The Department of Energy estimated CO2 emissions for the United States to equal 1562 million metric tons of carbon equivalents (MMTCE) in 2000, which is 305 MMTCE more than in 1990. With an estimated average annual emission increase of 1.5% per year, the Kyoto Protocol would require the United States to reduce CO2 by about 524 MMTCE in 2008, 549 MMTCE in 2009, 578 MMTCE in 2010, 608 MMTCE in 2011, and 635 MMTCE in 2012. Agricultural and forestry (AF) activities may mitigate greenhouse gas (GHG) emissions through (i) direct emission reductions, (ii) terrestrial carbon sink expansions, and (iii) production of replacements for emission-intensive products (1). Uncertainty and controversy exist about AF's practical mitigation potential, partly because aggregate studies have been lacking (1).

The heterogeneity and management interdependencies in AF make it difficult to assess aggregate economic mitigation potential. Soil properties, climate conditions, and land management history are heterogeneous, and collectively, they result in unique GHG emissions mitigation potential for each field. For example, U.S. carbon concentrations in mineral soil surface layers range from less than 1% organic carbon for sandy soils in warm, dry climates to more than 4% for clay soils in cold, wet climates. Peat soils contain as much as 50% organic carbon. Carbon sequestration potential depends on carbon lost during previous cultivation. Highly degraded soils with low carbon-holding capacity may have greater sequestration potential than fairly undisturbed soils with high capacity.

Interdependencies of crop and livestock management affect the costs and potential for agricultural GHG emission mitigation in four principal ways. First, many agricultural mitigation strategies either compete with or enhance traditional agricultural production. For example, farmers who plant trees cease production of traditional crops on those lands. Thus, carbon sequestration must be worth enough to compensate for forgone revenues. In contrast, long-term soil carbon buildups enhance agricultural productivity. Second, agricultural mitigation strategies either compete with or complement one another. Fields cultivated with switchgrass for biomass electricity generation are unavailable for afforestation. Reduced tillage, however, increases soil carbon sequestration and reduces fossil fuel use and accompanying emissions. Third, interactions arise from multiple gas emissions associated with particular AF mitigation strategies. Increased nitrogen fertilization can increase nitrous oxide emissions, soil carbon sequestration, and GHG emissions during fertilizer manufacture. Fourth, GHG emission abatement strategies can impact other environmental properties such as soil erosion and nutrient leaching. Accounting for all these interdependencies is important to find the true costs of agricultural GHG emission mitigation strategies.

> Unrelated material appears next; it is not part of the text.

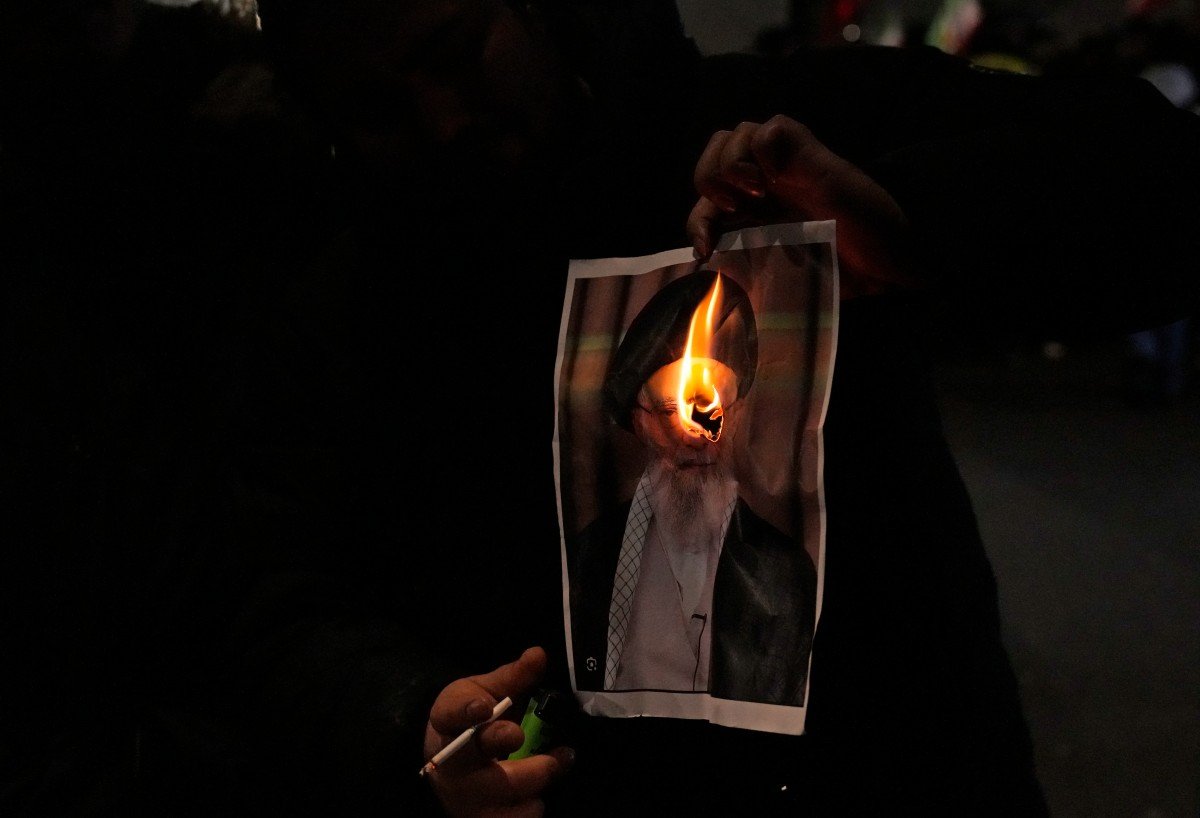 Manifestante queima imagem do aiatolá Ali Khamenei em ato no centro de Londres, neste domingo, 1 de janeiro de 2026.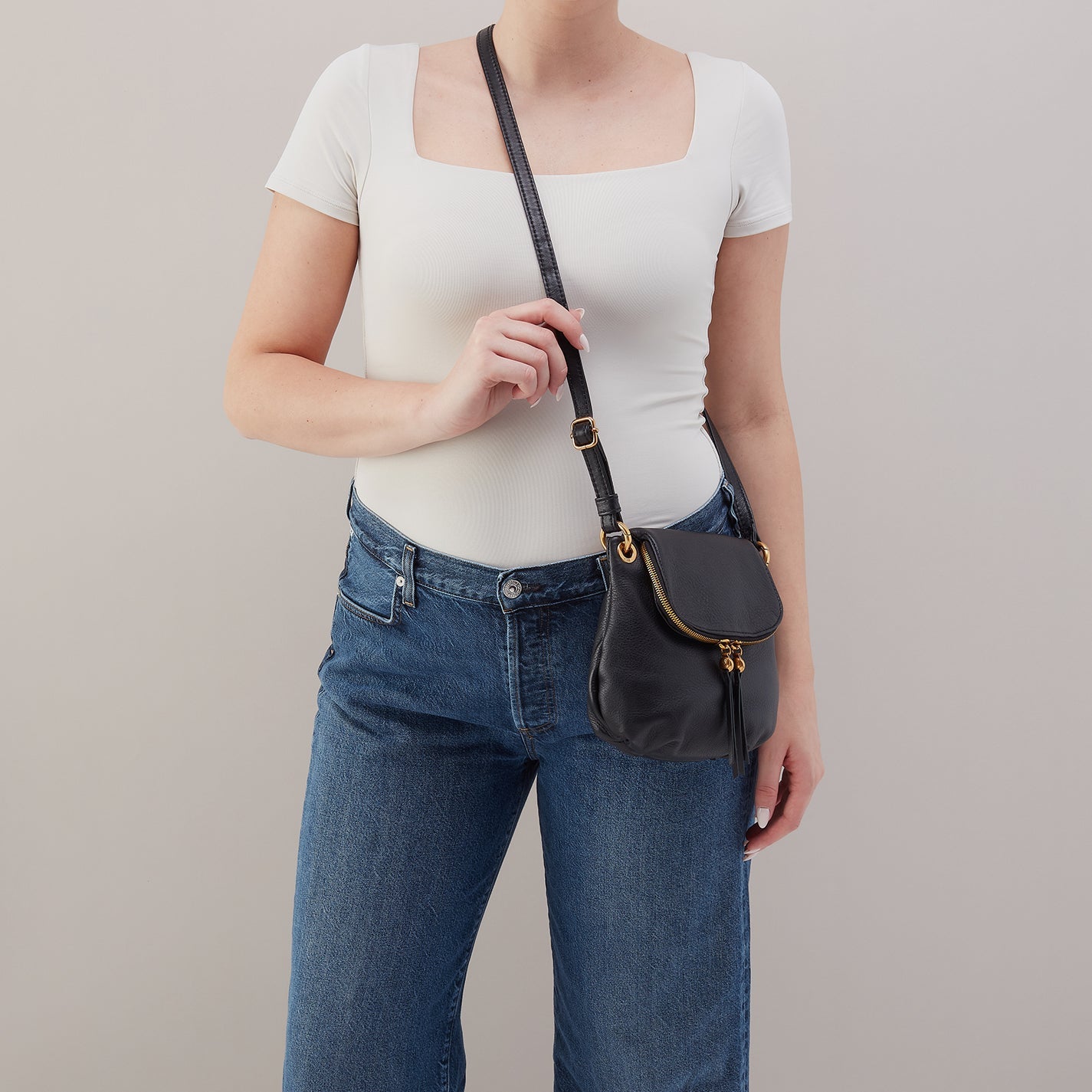 Person wearing a white top and blue jeans holding a black handbag against a plain background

To appraise the total mitigation potential, we expanded an existing agricultural sector model (2) to include GHG treatment. The new model, hereafter called ASMGHG (3), portrays farmers' choices across regions among a broad set of crop and livestock management options including tillage, fertilization, irrigation, manure treatment, and feeding alternatives. ASMGHG depicts production and consumption in 63 U.S. regions for 22 traditional and 3, biofuel crops, 29 animal products, and more than 60 processed agricultural products. It also depicts eight crops being traded within 28 international regions. Emission coefficients, environmental effects, basic cost changes, and yield adjustments for each combination of management, soil category, and geographic location were derived by linking ASMGHG variables to a variety of economic and environmental simulation models from the agricultural, forestry, and energy sectors. A list of these models, important characteristics and assumptions, and the GHG accounts modeled is provided in supplemental data (4). ASMGHG equilibrates demand and supply in agricultural markets of the United States and major trading partners. The equilibrium solution reveals commodity and factor prices; levels of domestic production; export and import quantities; agricultural welfare distribution; adoption of specific management alternatives; resource usage; and a wide variety of environmental impact indicators.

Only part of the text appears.